Il y a là une nécessaire complicité compte tenu de la croissance manifeste et incontournable de la demande des usagers qu’ils soient adolescents, parents ou enseignants. Jamais les attentes vis-à-vis de l’école n’ont été aussi fortes, jamais les complexités n’ont été aussi réelles, jamais les enchevêtrements institutionnels en matière de responsabilités et de missions n’ont été aussi importants et délicats. C’est pourquoi la collaboration des différentes institutions, je dirais même leur complicité, sont indispensables au bon fonctionnement du système.

Lentement mais sûrement aussi se mettent en place de nouveaux modes de pilotage, qui ne se substituent pas totalement aux anciens (règlements et circulaires, hiérarchie) dont l’efficacité est pourtant, de nos jours, sujette à caution. Ces nouveaux modes de pilotage, qui s’inspirent des méthodes de management conduites notamment dans le cadre de la modernisation de l’État, sont mis en œuvre à l’aide de trois instruments :

  • le pilotage par objectifs avec les projets d’établissement ou d’académie,
  • la contractualisation entre les académies et l’administration centrale, entre les établissements scolaires et les services académiques,
  • l’évaluation par les corps d’inspection nationaux en ce qui concerne les académies et par les corps d’inspection territoriaux en ce qui concerne les établissements scolaires.

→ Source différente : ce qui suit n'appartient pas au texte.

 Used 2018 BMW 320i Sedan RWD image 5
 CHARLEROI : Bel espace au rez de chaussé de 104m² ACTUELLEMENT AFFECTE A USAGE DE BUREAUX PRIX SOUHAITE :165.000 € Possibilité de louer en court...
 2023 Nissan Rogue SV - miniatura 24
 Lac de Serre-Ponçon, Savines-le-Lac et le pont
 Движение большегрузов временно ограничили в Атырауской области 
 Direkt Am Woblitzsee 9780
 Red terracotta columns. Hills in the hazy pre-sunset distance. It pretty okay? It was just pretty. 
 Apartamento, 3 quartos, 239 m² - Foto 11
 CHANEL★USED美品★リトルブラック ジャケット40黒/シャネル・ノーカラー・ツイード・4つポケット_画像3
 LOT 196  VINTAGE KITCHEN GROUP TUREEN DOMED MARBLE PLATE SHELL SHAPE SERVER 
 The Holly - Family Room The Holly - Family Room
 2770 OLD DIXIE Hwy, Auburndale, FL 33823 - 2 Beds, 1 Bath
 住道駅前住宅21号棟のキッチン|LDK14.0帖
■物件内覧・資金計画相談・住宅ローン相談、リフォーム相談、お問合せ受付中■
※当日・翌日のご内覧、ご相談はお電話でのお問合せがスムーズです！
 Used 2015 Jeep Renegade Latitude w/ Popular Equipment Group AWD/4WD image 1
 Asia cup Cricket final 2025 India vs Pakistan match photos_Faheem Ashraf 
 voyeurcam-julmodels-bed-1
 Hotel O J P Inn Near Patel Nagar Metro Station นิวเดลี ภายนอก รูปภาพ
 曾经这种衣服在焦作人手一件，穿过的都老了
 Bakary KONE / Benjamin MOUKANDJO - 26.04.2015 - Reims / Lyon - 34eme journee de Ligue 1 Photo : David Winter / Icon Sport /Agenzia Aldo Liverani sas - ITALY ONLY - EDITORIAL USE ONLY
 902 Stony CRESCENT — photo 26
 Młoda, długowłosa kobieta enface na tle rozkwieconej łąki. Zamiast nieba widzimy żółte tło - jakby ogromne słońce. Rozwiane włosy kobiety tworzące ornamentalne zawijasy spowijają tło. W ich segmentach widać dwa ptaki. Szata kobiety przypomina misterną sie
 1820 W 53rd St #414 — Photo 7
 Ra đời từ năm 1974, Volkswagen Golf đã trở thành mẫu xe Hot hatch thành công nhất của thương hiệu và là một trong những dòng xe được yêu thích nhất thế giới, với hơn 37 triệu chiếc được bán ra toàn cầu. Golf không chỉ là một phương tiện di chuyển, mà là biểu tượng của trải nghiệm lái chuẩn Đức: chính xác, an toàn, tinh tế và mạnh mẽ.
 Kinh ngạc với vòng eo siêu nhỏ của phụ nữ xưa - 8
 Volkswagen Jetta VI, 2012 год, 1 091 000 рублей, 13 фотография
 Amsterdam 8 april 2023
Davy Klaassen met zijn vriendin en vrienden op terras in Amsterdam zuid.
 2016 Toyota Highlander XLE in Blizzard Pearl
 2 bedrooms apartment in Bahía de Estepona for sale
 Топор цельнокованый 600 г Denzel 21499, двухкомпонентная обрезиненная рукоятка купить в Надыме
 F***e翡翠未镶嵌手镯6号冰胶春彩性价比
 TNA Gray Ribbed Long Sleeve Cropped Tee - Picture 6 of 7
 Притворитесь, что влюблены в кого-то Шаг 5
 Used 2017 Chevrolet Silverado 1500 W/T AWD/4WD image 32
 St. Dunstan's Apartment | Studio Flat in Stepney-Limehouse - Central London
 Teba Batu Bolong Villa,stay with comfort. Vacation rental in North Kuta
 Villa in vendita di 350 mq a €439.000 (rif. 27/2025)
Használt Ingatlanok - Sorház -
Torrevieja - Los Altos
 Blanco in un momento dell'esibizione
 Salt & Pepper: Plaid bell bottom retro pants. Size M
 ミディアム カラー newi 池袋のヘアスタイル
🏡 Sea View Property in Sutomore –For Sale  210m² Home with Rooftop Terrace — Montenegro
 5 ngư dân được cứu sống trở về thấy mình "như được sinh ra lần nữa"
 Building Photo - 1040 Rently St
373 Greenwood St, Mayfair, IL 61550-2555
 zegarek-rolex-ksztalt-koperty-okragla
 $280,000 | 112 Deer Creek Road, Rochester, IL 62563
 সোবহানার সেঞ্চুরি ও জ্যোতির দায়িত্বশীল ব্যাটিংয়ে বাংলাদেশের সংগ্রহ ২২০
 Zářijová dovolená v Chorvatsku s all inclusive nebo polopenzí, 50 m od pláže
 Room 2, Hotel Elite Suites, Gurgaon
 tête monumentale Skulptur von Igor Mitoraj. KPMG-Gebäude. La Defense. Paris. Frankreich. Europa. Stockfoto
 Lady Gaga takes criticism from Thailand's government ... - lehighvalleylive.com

Ces méthodes d’administration ont fait une entrée remarquée depuis quelques années dans l’Éducation nationale. La LOLF (loi organique relative aux lois de finances, 2001) accentue cette évolution.

Le pilotage partagé exige que les collectivités territoriales soient parties prenantes de ces méthodes d’administration. Ne peut-on imaginer alors, comme cela est envisagé çà et là, une contractualisation qui associe l’autorité académique, la collectivité territoriale de rattachement et l’établissement scolaire ?

Les compétences de l’état et des collectivités territoriales : une ligne de partage évolutive, une collaboration nécessaire

Le partage des compétences entre l’État et les collectivités territoriales est marqué par un certain nombre de traits : il est évolutif et implique un étroit travail en commun.

On ne peut pas parler de frontières mais de zones frontalières qui varient dans le temps et se déplacent au gré des accords et avancées locales. Ces changements sont souvent le fruit d’enjeu et de jeu de pouvoir entre les différents responsables locaux, dans un contexte où les collectivités veulent souvent montrer " qu’elles font plus vite et plus fort que l’État ".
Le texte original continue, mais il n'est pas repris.